About PVQ indexing schemes: lots of these are possible. You can see the first one I came up with at , before I'd even heard of Fischer or found his 1986 paper. Eventually for CELT we switched to the original Fischer indexing scheme (because it was simpler to implement and being published over 20 years ago trumped any other minor advantages in bit error robustness another scheme might have). If you look at Section 4.3.4.2, you can see it's pretty simple to decode, and in Section 5.3.8.2, it's _really_ simple to encode.

You don't want to plug these kind of dimension-at-a-time schemes directly into an arithmetic coder, though, because for large dimensions the probabilities become highly skewed. Enough that it's hard to model with typical arithmetic coder precision (and since you pay computational overhead per-symbol, highly skewed distributions mean you spend a lot of cycles without learning much new about your signal). Instead, you'd want to do something like we describe for SILK in Section 4.2.7.8.3, where you split the vector and say how many pulses lie in each half. That gives you much more balanced probabilities.

But as Jean-Marc mentioned, we don't use these uniformly distributed schemes in Daala. They're a fun aside (highly relevant for audio, not so much for video).

Inter-band masking: we were doing this back in April (when I made the slides you point to). However, we removed it in October: . Its effect was always pretty minor, it was fairly expensive (as originally implemented, I'm sure it could've been simplified), and removing it actually improved metrics slightly. More importantly, it introduced dependencies between the entropy coder and the "signal processing" parts of PVQ, which prevented deeply pipelining these stages in hardware.

Also, apologies for the example image I used in those slides.
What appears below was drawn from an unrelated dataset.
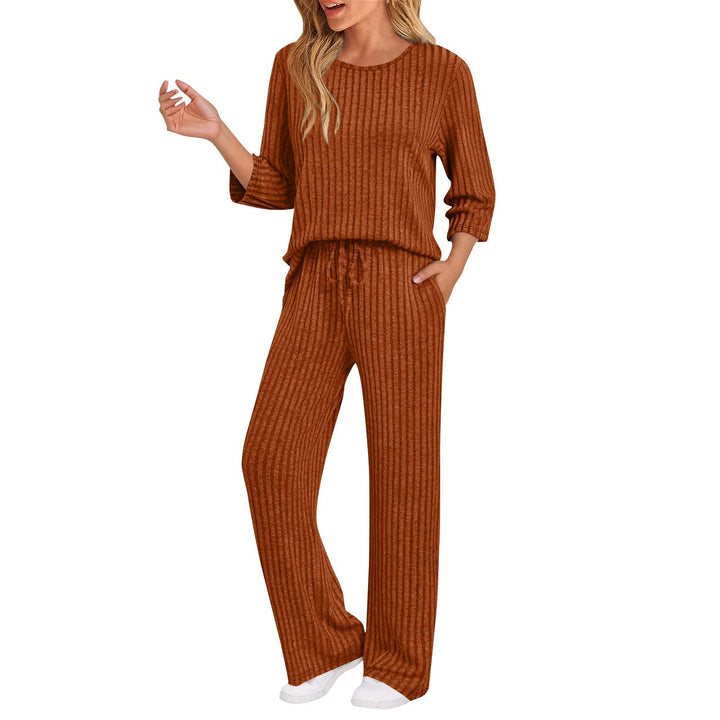Ladies Comfortable leisure outfit with a striped structure Lune London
It was literally the first image I tried.

Directional intra: I'm sure you've seen . After spending far too much time trying to get this to work in a reasonable computational complexity, we eventually disabled it. We now use a much simpler scheme that can only predict pure horizontal or pure vertical edges.
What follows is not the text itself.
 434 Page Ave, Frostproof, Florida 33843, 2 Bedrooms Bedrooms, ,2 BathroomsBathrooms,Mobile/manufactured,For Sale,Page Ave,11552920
Lossy AC encoding: I suspect for very low bitrates, rather than try fill with random noise or using splitting planes or whatever, what you really want to do is just use small, trained VQ codebooks. At low rates the codebooks shouldn't be very large, and any other scheme is going to wind up equivalent to some form of VQ, without the benefit of training. One thing we've discussed is trying to classify blocks based on the first (few) band(s), and then using the classification to select from one of several different VQ codebooks for the remaining bands. For inter, you could potentially do the classification on the predictor instead of the LF, so you could apply this scheme to the LF bands, too. For intra, where we don't have good directional predictors anymore, you could even use the trained VQ codeword as the PVQ "reference" for the diagonal bands, letting you extend this scheme to higher rates.

December 17, 2014 at 5:44 AM

Comment deleted

This comment has been removed by a blog administrator.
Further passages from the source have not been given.